**Task item**
Copy out the lines of the records below, and only those lines, from the one with "Ciments de Guinée" through the one with "Trump-Schütze eine Stunde", exactly as they appear.

**Material provided**
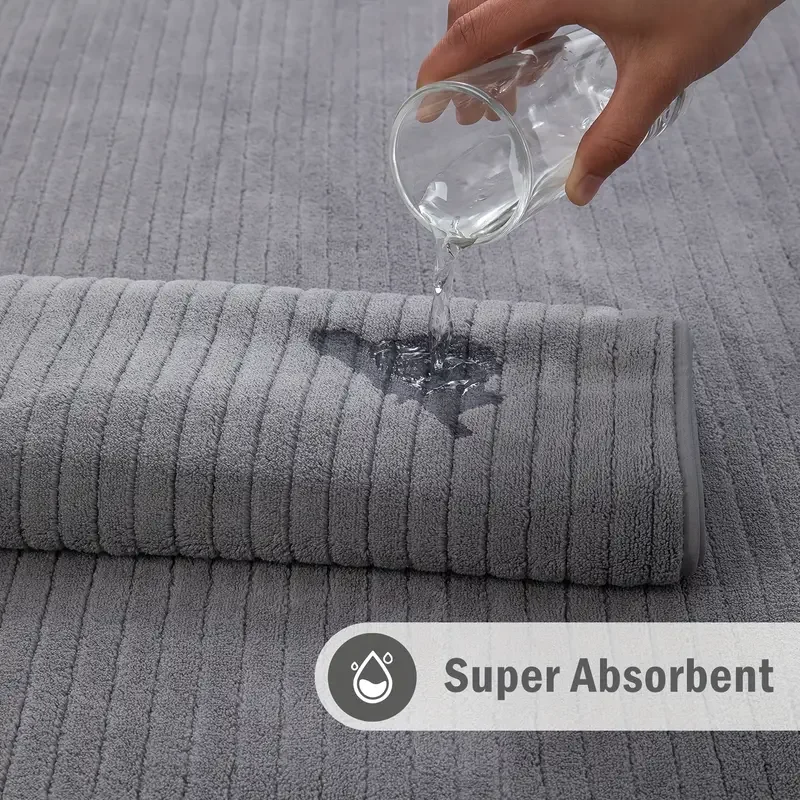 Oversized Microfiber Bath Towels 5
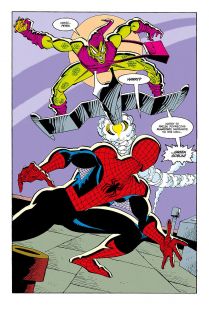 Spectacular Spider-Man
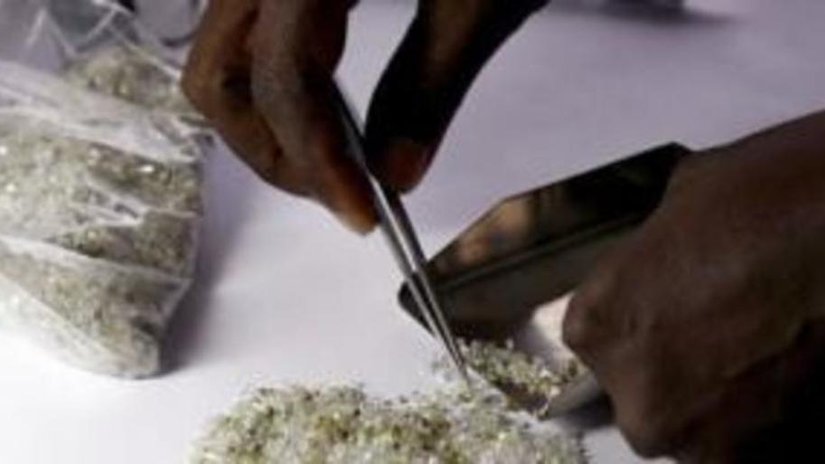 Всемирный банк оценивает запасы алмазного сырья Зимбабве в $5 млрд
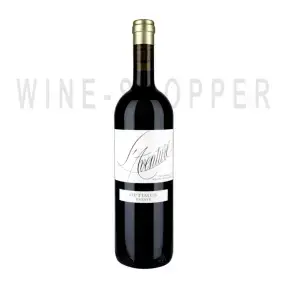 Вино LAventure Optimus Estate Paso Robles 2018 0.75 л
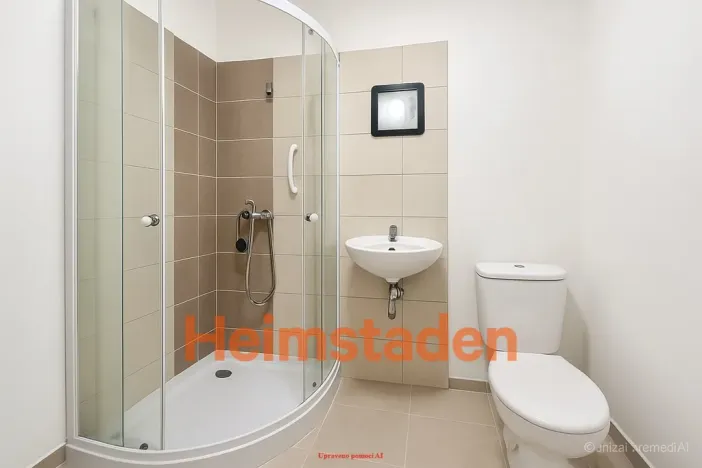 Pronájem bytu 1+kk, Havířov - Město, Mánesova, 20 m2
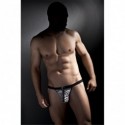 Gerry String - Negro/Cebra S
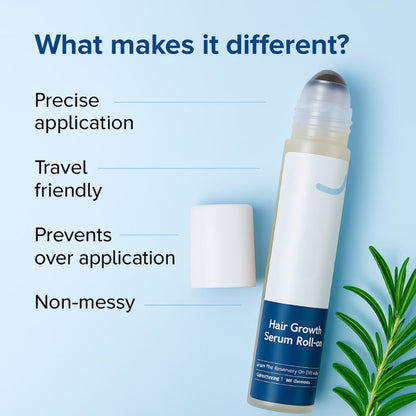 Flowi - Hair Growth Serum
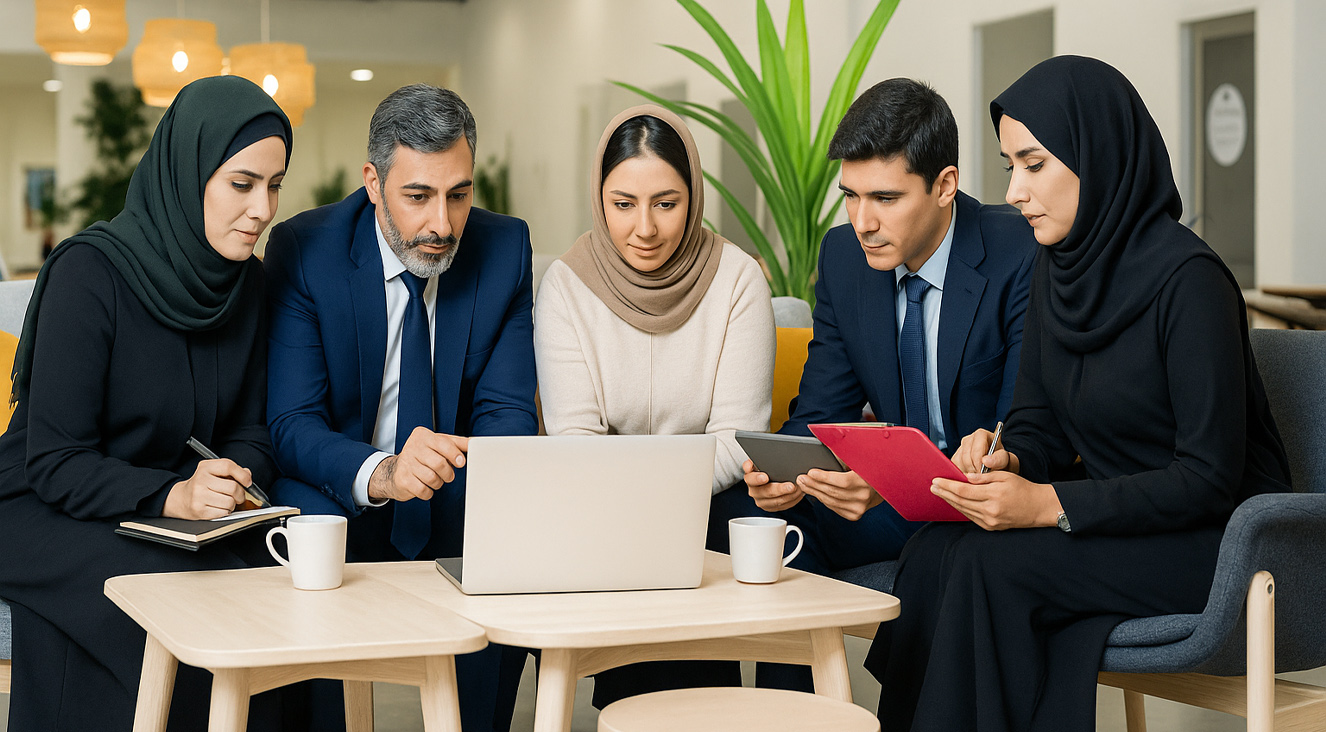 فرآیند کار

==

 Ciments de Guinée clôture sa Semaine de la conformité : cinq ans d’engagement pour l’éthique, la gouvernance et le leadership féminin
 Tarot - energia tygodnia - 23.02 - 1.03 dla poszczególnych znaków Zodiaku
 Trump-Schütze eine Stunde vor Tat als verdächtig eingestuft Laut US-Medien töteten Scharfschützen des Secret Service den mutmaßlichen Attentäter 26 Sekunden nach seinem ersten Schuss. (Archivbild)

**Written response**
 Ciments de Guinée clôture sa Semaine de la conformité : cinq ans d’engagement pour l’éthique, la gouvernance et le leadership féminin
 Tarot - energia tygodnia - 23.02 - 1.03 dla poszczególnych znaków Zodiaku
 Trump-Schütze eine Stunde vor Tat als verdächtig eingestuft Laut US-Medien töteten Scharfschützen des Secret Service den mutmaßlichen Attentäter 26 Sekunden nach seinem ersten Schuss. (Archivbild)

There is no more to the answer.